Accretive failed to notify Fairview that the laptop had been stolen. Fairview instead learned of the compliance breach through a series of anonymous tips and from employees who questioned the wisdom of providing confidential medical data to Accretive when it did not bother to secure the data. (Ex. 6.) In November of 2011, Fairview complained to Stephen Kelly, the Vice President of Compliance at Accretive, that Fairview was disturbed to learn that a laptop had been left in plain sight in a car and stolen. (Ex. 7.) Mr. Kelly suggested that notice was not required because the laptop was encrypted. (Ex. 8.)
About a year after Mr. Webb’s laptop was stolen from his car, another Accretive employee had a “smash and grab” of his Accretive laptop from his car. On July 25, 2011, Accretive employee Matthew Doyle parked his car outside a restaurant in the Seven Corners neighborhood of Minneapolis. Once again, Mr. Doyle left the Accretive laptop in plain view of a thief, who broke into the car and stole the laptop. The laptop was not encrypted. (Ex. 9.)

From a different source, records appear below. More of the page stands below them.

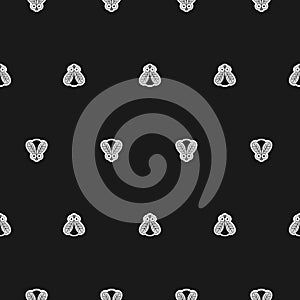 Seamless Pattern With Insects. Fly On a Black background. Vector Black and white Pattern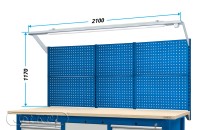 JOTKEL 21313 Nadbudowa z tablicami narzędziowymi i oświetleniem LED do stołu warsztatowego o szer. 2100 mm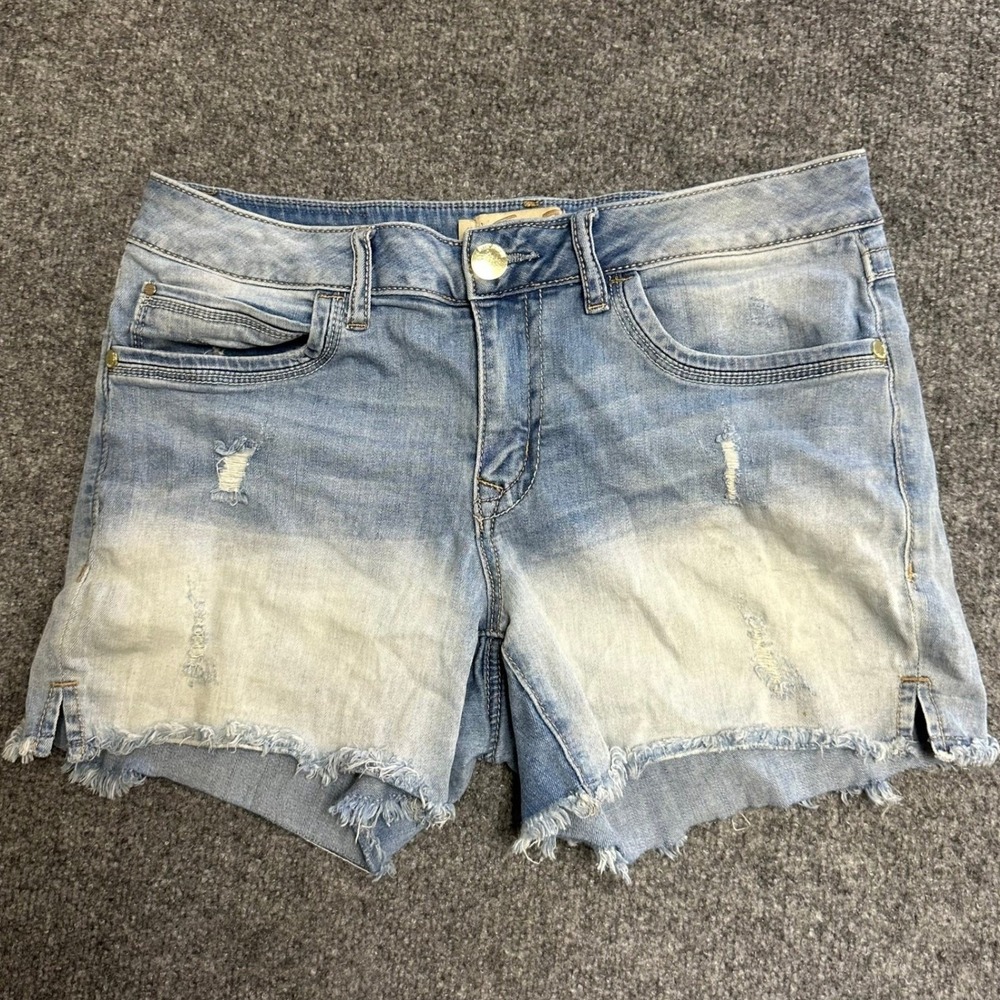 Seven7 Denim Shorts Womens Size 10 Light Wash Distressed Embroidered Cut Off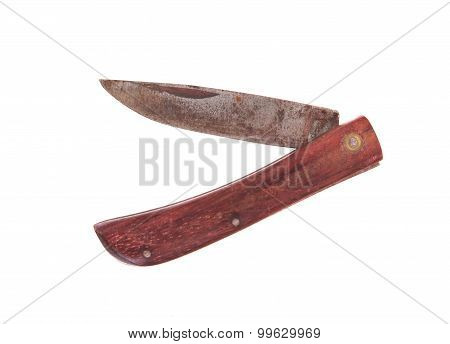 Rusty Pocket Knife Isolated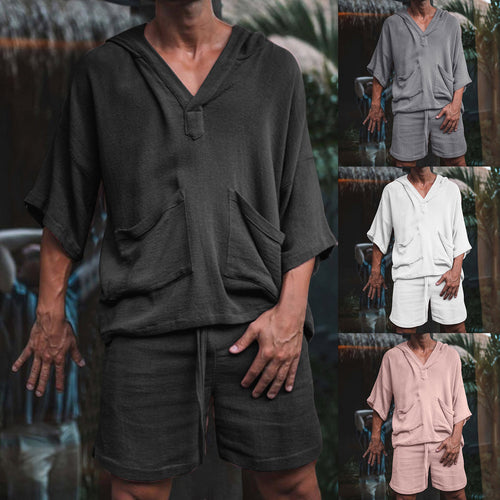 Herren lässiges Kapuzenshirt aus atmungsaktivem Material mit modernen Taschen Echoarchiv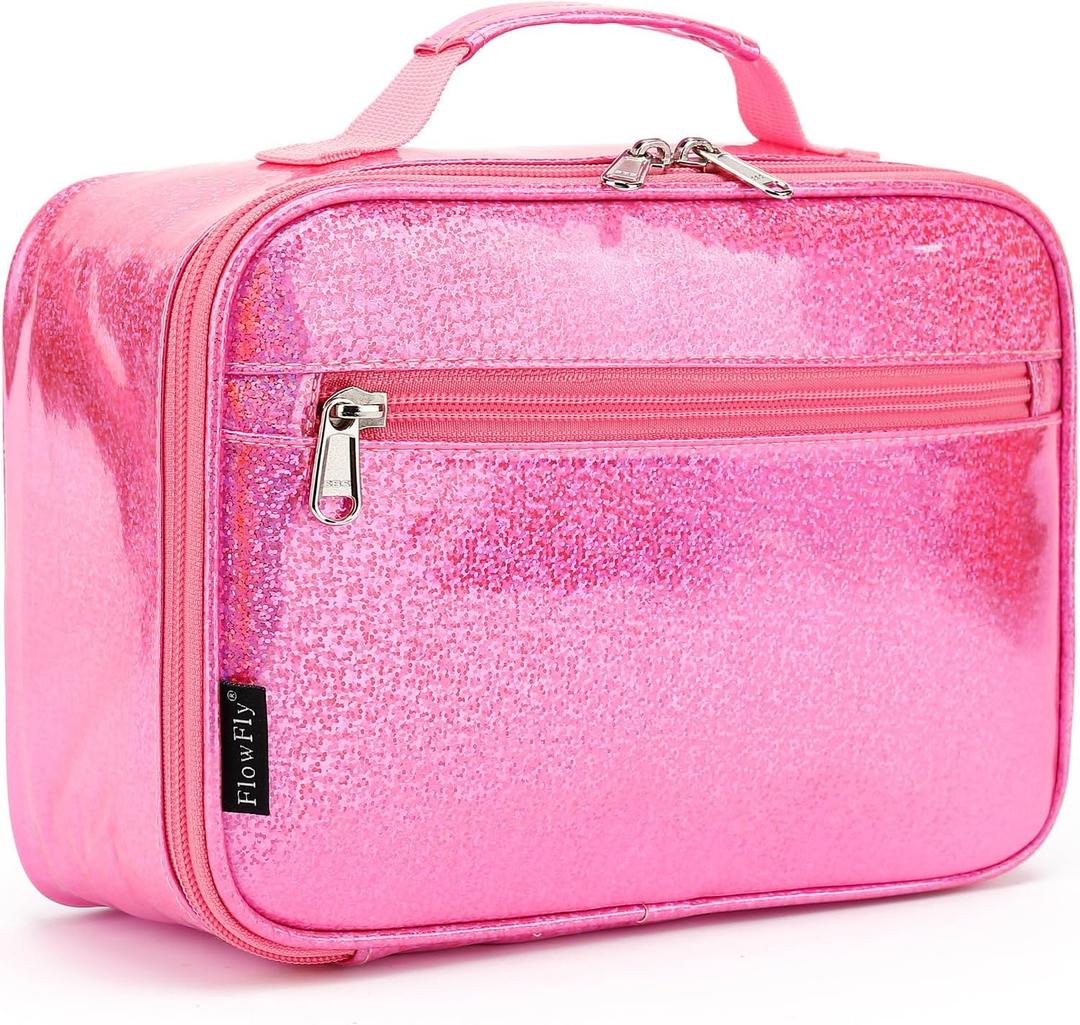FlowFly Kids Lunch box Insulated Soft Bag Mini Cooler Back to School Thermal Meal Tote Kit for Girls, Boys,Pink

The laptop contained confidential data on approximately 23,000 patients of Fairview and North Memorial Health Care, as well as data of a hospital in Detroit, Michigan. Three months after the laptop was stolen, in late October, 2011, Accretive finally responded with a report prepared by Kroll Consulting. (Id.) The Kroll report indicates that the laptop contained 15.4 gigabytes of data, more than 600 files containing PHI or PII, and 20 million records. The report gives no analysis as to why Mr. Doyle would comingle the patient records of various hospitals on his laptop, why he would need extensive health information about patients as a “revenue cycle” employee, why he would need to store so much patient data on his laptop, or why he would need to keep health records of Fairview patients when he was apparently now working on a revenue cycle contract with North Memorial Health Care. (Id.)
There’s so much in these volumes that it’s hard to know where to start, but if you read nothing else, read all of Volume 4.
This may turn out to be one of those incidents where a breach actually does kill a business. Accretive’s stock had already dropped following the January announcement of the Attorney General’s lawsuit against them and the release of the 6-volume report triggered a 42% drop in stock prices and an investor lawsuit. Now, just 12 hours ago, Accretive announced that it had lost its contract with Fairview:
Accretive Health, Inc. (NYSE: AH – News) said today that it has received notice of termination from Fairview Health Services of its Quality and Total Cost of Care (“QTCC”) services contract. The terms of the transition have yet to be determined. The Company will update its business outlook on its quarterly earnings call on May 9, 2012.